How did the yellow ribbon symbol become associated with the hostages? On the CBS broadcast of January 28, Penelope Laingen, wife of the U.S. Chargé d'Affaires in Tehran, Bruce Laingen, was shown outside her home in Bethesda, Maryland. "It just came to me," she said, "to give people something to do, rather than throw dog food at Iranians. I said, 'Why don't they tie a yellow ribbon around an old oak tree.' That's how it started."
Mrs. Laingen's source of inspiration was a popular song by Irwin Levine and L. (Larry) Russell Brown, copyrighted in 1972 under the title "Tie a Yellow Ribbon Round the Ole Oak Tree." Recorded by some thirty different vocalists in the late 1970s, it sold millions of copies. The hit version was recorded by the popular vocal group Dawn featuring Tony Orlando. The song sketches the story of a convict riding the bus homeward after three years in prison. He tells the bus driver that he has written to his sweetheart asking her to tie a yellow ribbon on a roadside oak tree if she will have him back. The driver relates the story to other passengers and as the bus nears the tree everyone is on the edge of his seat. As the tree comes into view, the convict, unable to bear the sight should there be no ribbon in its branches, hides his eyes. Then a cheer goes up and he looks to see that, in fact, the tree is covered with yellow ribbons.
The authors of "Tie a Yellow Ribbon" have been asked frequently about the origin of their song. "'Larry had heard the story in the Army,'" said Levine in an interview reprinted in the Washington Post on January 27, 1981 (page B2). "'I liked it, so we tried it. We wrote it and put it on a cassette. But then we didn't like it–it just didn't work–so we threw it away. I wish I would have kept it so I could compare it to the other one, but I recorded over it.' But three weeks later, Levine said their song idea font had run dry, so they decided to take a second stab at 'Yellow Ribbon.' They rewrote it, rewrote the music, and were pleased."
In the Army story, according to Brown, the symbol was a "white kerchief," but "white" will not scan in the melody to which Levine and Brown set their lyric. Post staff writer Saundra Saperstein also talked with Levine, and her story on the front page of the January 27th issue quotes him as saying that they made the ribbons yellow because the color seemed "musical and romantic."
At least one person has come forward to challenge the origins that Levine and Brown claim for their song. On October 14, 1971, New York Post writer Pete Hamill published in a syndicated column a story based on the returning prisoner theme.
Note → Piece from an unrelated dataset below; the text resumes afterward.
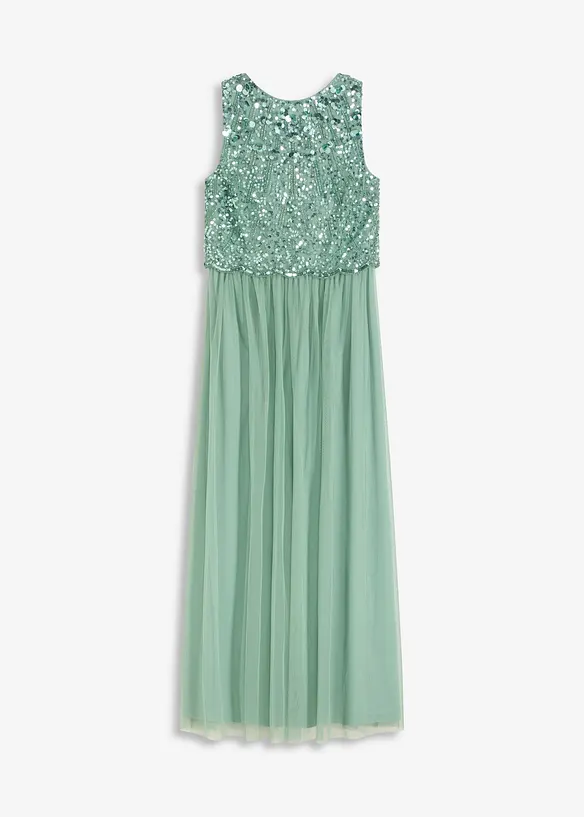 Abito lungo con paillettes, bonprix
The convict had been away for four years rather than three, and he tells his story not to the bus driver, but to friendly college students on their annual migration to the Fort Lauderdale beaches. Otherwise, the story is much like that given in the popular song. Hamill sued Levine and Brown whose attorneys turned to University of Pennsylvania folklorist Kenneth S. Goldstein for assistance. Goldstein, together with his student Steven Czick, looked for prior versions of the story which would invalidate Hamill's claim to authorship. They found several such examples, and the suit was dropped. When Reader's Digest printed a condensed version of the Hamill column, "Going Home," which appeared on pages 64 and 65 of the January 1972 issue, he introduced it with the following headnote:
I first heard this story a few years ago from a girl I had met in New York's Greenwich Village. The girl told me that she had been one of the participants. Since then, others to whom I have related the tale have said that they had read a version of it in some forgotten book, or had been told it by an acquaintance who said that it actually happened to a friend. Probably the story is one of these mysterious bits of folklore that emerge from the national subconscious to be told anew in one form or another. The cast of characters shifts, the message endures. I like to think that it did happen, somewhere, sometime.
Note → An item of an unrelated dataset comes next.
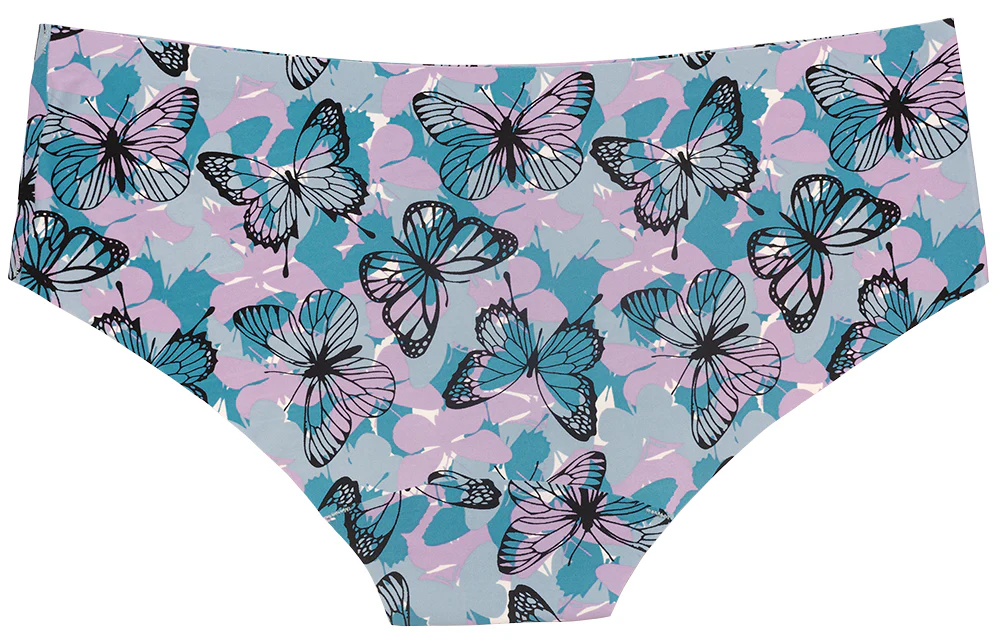 Butterfly Purple Camo No Show Laser Cut Hipster - Image 6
Hamill's story become the basis of a segment of the "Perpetual People Machine," an ABC-TV magazine-format program produced by Alvin H. Perlmutter and aired in 1972. James Earl Jones played the part of the returning prisoner.
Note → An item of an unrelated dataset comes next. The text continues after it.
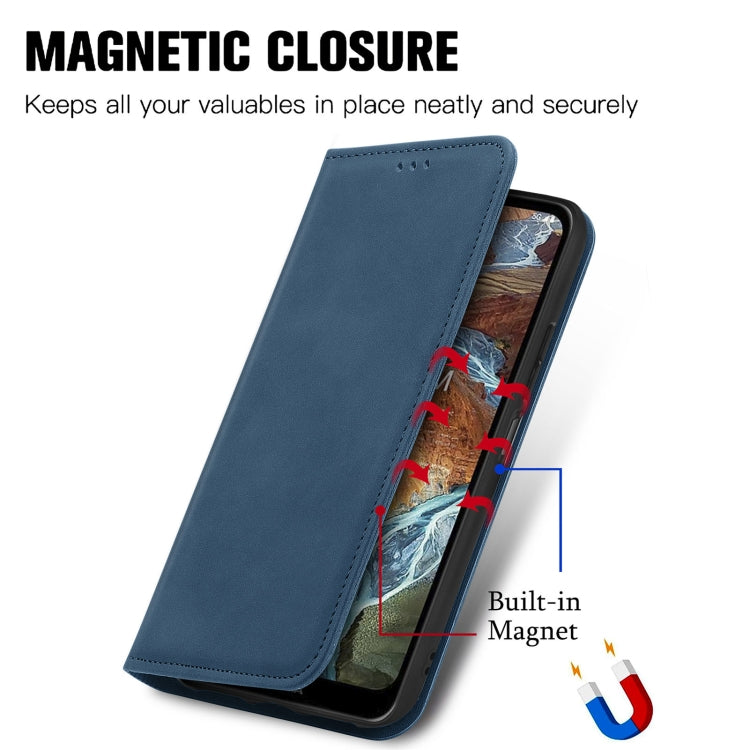 For Nokia G300 Retro Skin Feel Magnetic Horizontal Flip Leather Phone Case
To summarize the ground covered thus far: it appears that the plot of the song that inspired Penne Laingen is drawn from modern urban oral tradition, while the choice of the yellow ribbon as symbol is conditioned by requirements of versification. But beyond these requirements, there remains another possible source for Levine and Brown's adoption of the yellow ribbon. In 1949 Argosy Pictures released a motion picture starring John Wayne and Joanne Dru which was called She Wore a Yellow Ribbon. The picture was popular and the theme song, "(Round Her Neck) She Wore a Yellow Ribbon," became a song hit. The composers for the movie were M. Ottner and Leroy Parker. Not surprisingly, their lyrics make reference to the characters and events in the film. But, in one form or another, this song long predates the movie. It has been registered for copyright a number of times, the earliest claim for it being the composition of George A. Norton in 1917. Norton gave as his title "Round Her Neck She Wears a Yeller Ribbon (For her Lover Who Is Fur, Fur Away)." It has been reported as a college song in the 1920s and 1930s, in which environment it displayed much variation, both in its symbology and in its suitability for public expression. Frank Lynn's Songs for Swingin' Housemothers (San Francisco: Fearon publishers, 1963, p. 42) provides a verse typical of the college type:
Around her knee, she wore a purple garter;
She wore it in the Springtime, and in the month of May,
And if you asked her why the Hell she wore it,
She wore it for her Williams man who's far, far away.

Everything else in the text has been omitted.